There are two issues that initially came up with this implementation:

  1. The algorithm would sometimes treat straight lines as arcs of circles with huge radii, on the scale of 106, and
  2. The circle would identify right angles as arcs of a circle.

To solve the first issue, since I knew the approximate size of the circle, I ruled out models with radii too far from the goal. That part was easier. The second issue required some more ingenuity.

In theory, if a set of data points fit a model, then any subset of those points would fit the same model just as well. I used this fact to solve the right-angle fitting issue by performing the RANSAC circle detection once more on the set of inliers generated the first time. If the original fit of a circle was correct, then the center and radius of the new circle will be roughly the same. However, if it is a right angle, it is more likely that the center of the newly generated circle will be significantly different from the original, so we can rule it out as a circle.

Generating Vector Fields

Now that I had a set of boundaries and a goal from our dataset, I needed a way to generate a map that the NEATO can follow. For this challenge, I implemented a vector field/gradient descent algorithm to have the NEATO navigate the gauntlet. To generate the map, I used the equation:

\[z = ln \sqrt{(x-x_n)^{2}+(y-y_n)^{2}}\]

I added multiple of these terms together to generate a composite map of the NEATO’s surroundings. If the term is positive, then we get a “sink”, and if the term is negative we get a “source”. When it comes time for the NEATO to choose a path with gradient descent, it will be attracted to the sinks and repelled from the sources.

I took three different approaches to generating the sinks and sources. First, I just use the endpoints of the best fit lines as sources and the center of the circle as sinks. The issue with this was that on big lines, the NEATO would find paths through the middle of a wall, and would then collide with said wall.
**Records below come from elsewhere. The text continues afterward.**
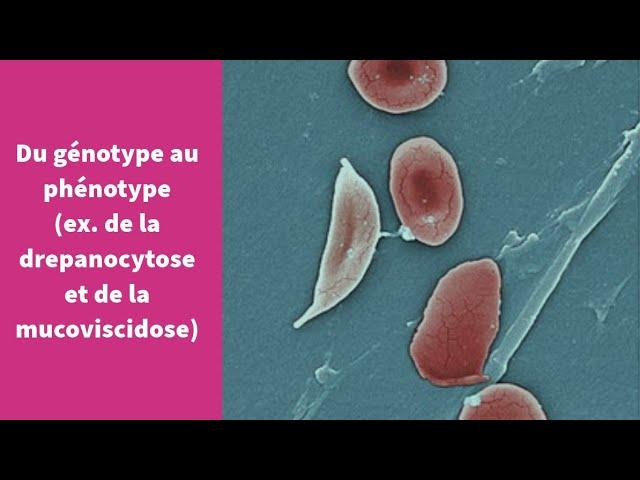 Du génotype au phénotype (ex. de la drépanocytose et de la mucoviscidose) - Première Spécialité SVT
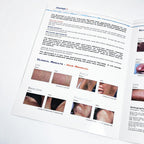 Cynosure SMARTEPIL II Long Pulse Nd YAG Laser Marketing Booklet 920-0175-000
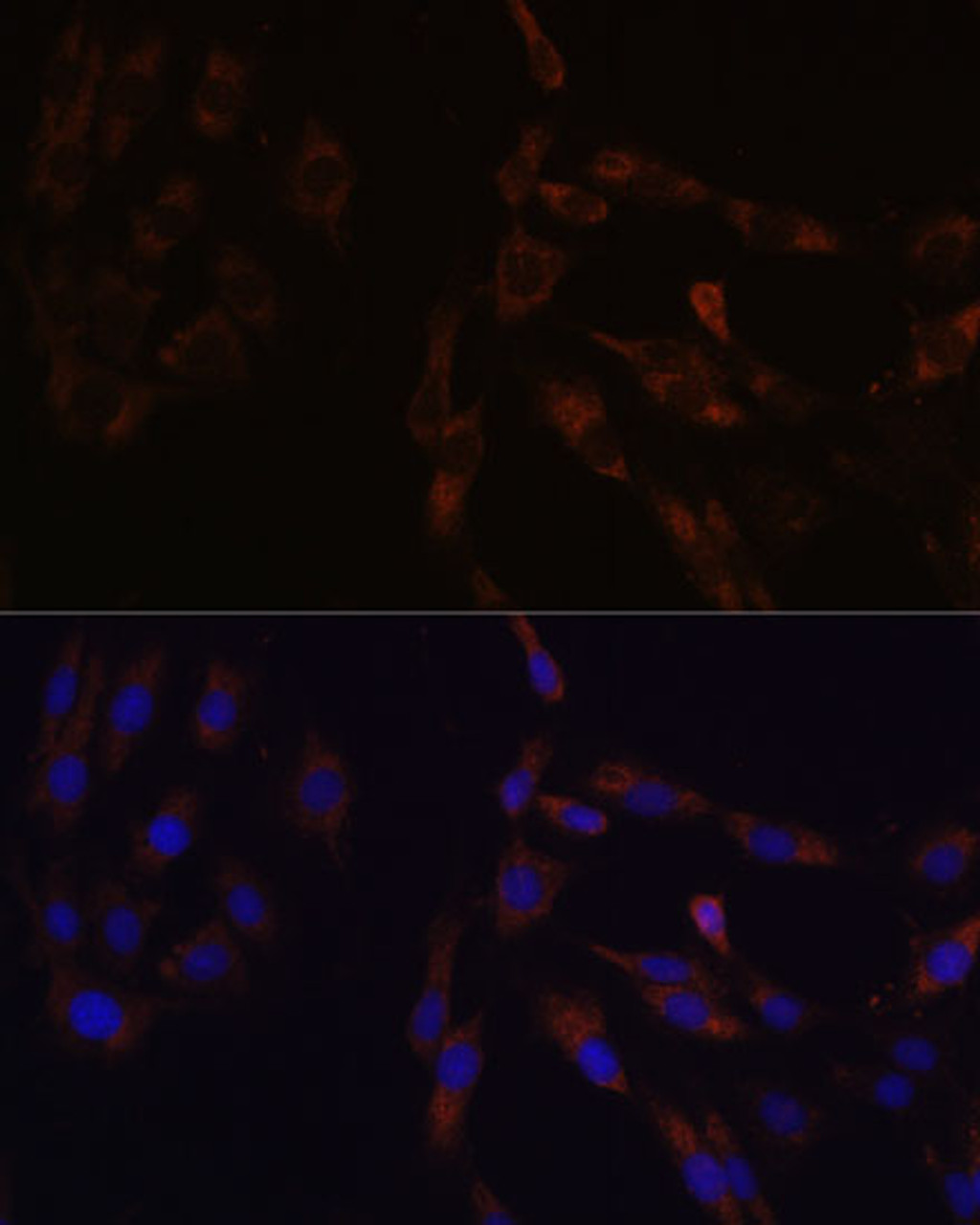 Immunofluorescence analysis of C6 cells using SUCLG2 Polyclonal Antibody (23-768) at dilution of 1:100 (40x lens) . Blue: DAPI for nuclear staining.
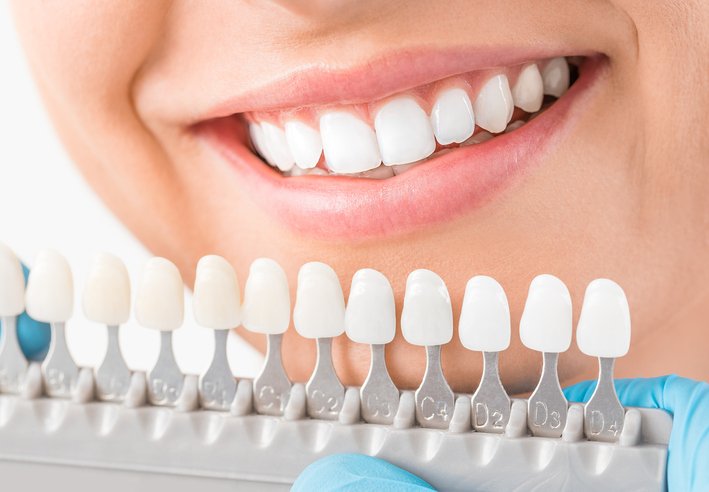 What Is Cosmetic Dental Treatment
The next thing I tried was having n points between the two endpoints of every line and making each of those sources. The problem there was in the density of sources. Longer lines, like the boundary of the Gauntlet, would have points spaced out every .25 meters, but short lines like the edge of a box would have points spaced out every .025 meters. This was an issue because boundaries need to all have the same weights or else the ones with less weight/density will be treated as acceptable for finding paths.
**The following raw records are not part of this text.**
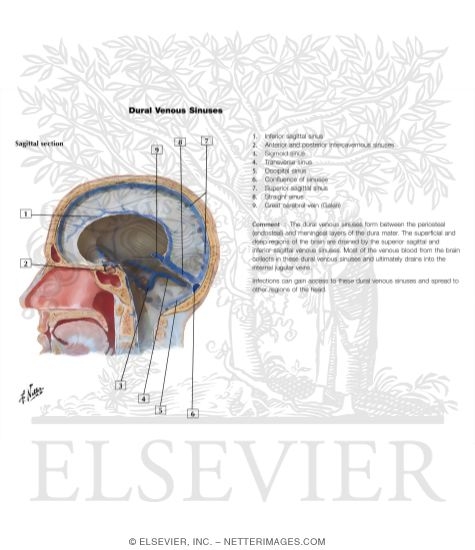 Watermarked preview of labeled image: Dural Venous Sinuses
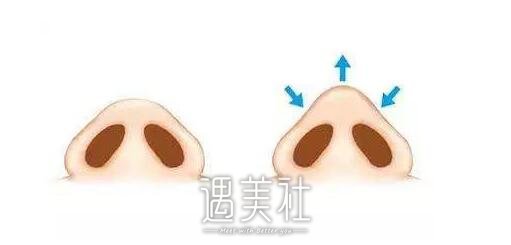 低鼻尖矫正术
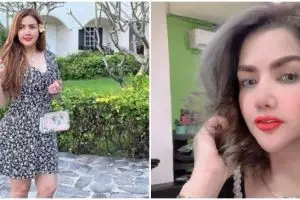 Habiskan Rp 50 juta, 11 potret Barbie Kumalasari usai operasi hidung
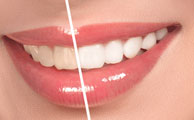 Composite Veneers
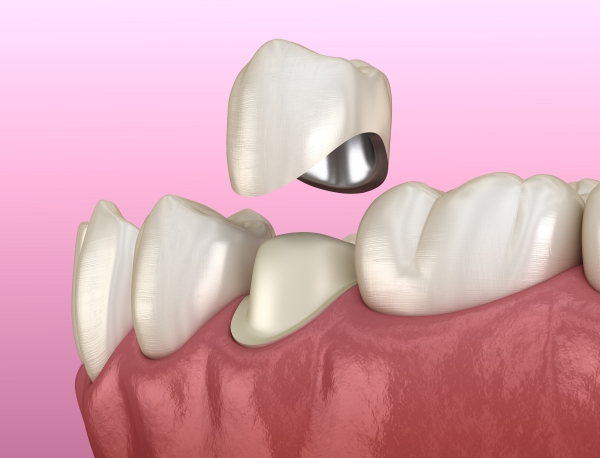5 vật liệu bọc răng phổ biến hiện nay nên chọn loại nào phù hợp   nhakhoathuyanh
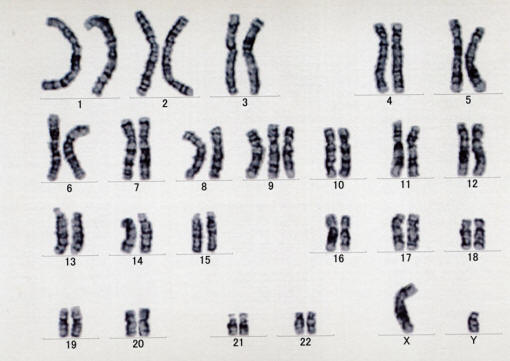 Karyotype Pictures Of Spina Bifida 95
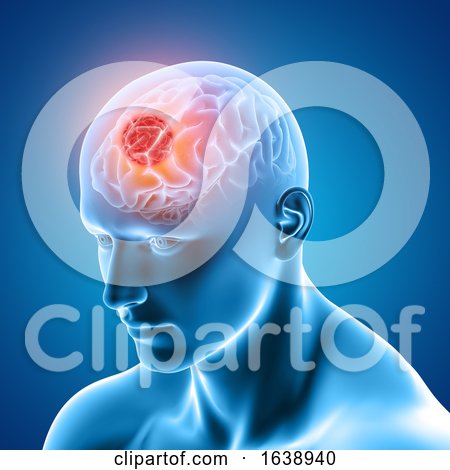 3D Medical Image Showing Male Figure with Brain Tumour by KJ Pargeter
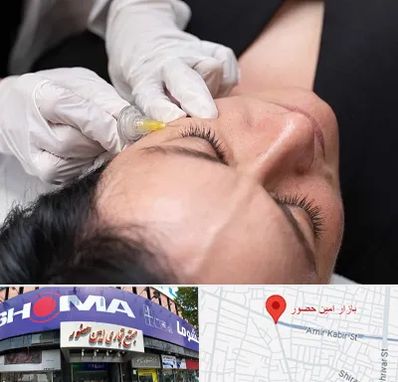 کربوکسی تراپی در امین حضور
The final, successful, approach I took was instead calculating the length of the lines and generating a set of equally spaced points along the line to create sources. For the circle, I found equally spaced points around the circumference.

The final equation was:

…complicated. I like to embed mathematics with \({\KaTeX}\) , as you will see above. I knew the equation had a lot of sources and sinks (around 20,000), so instead of manually writing it all out, I wrote a Python script to automate it for me. In mathtex.py I import all the sources and sinks from CSV files and process them into LaTeX. My thinking was that I would then copy the result into Overleaf, a LaTeX compiler, but when I tried pasting into Overleaf, it said there was an error, and then my browser crashed. If you’d like to view the raw LaTeX, you can run python3 mathtex.py or you can look at the CSV files to see the points for yourself.

Gradient Descent

After I generated the equation, it was time to get the NEATO to actually move. In order to do this, I used a gradient descent method. The algorithm works by assessing the current position of the NEATO using ROS’s /odom topic (which gets the position of the NEATO and it’s orientation in the form of a quaternion), rotating in the opposite direction of the gradient vector at its current point, and then moving along some proportion of the length of the gradient vector.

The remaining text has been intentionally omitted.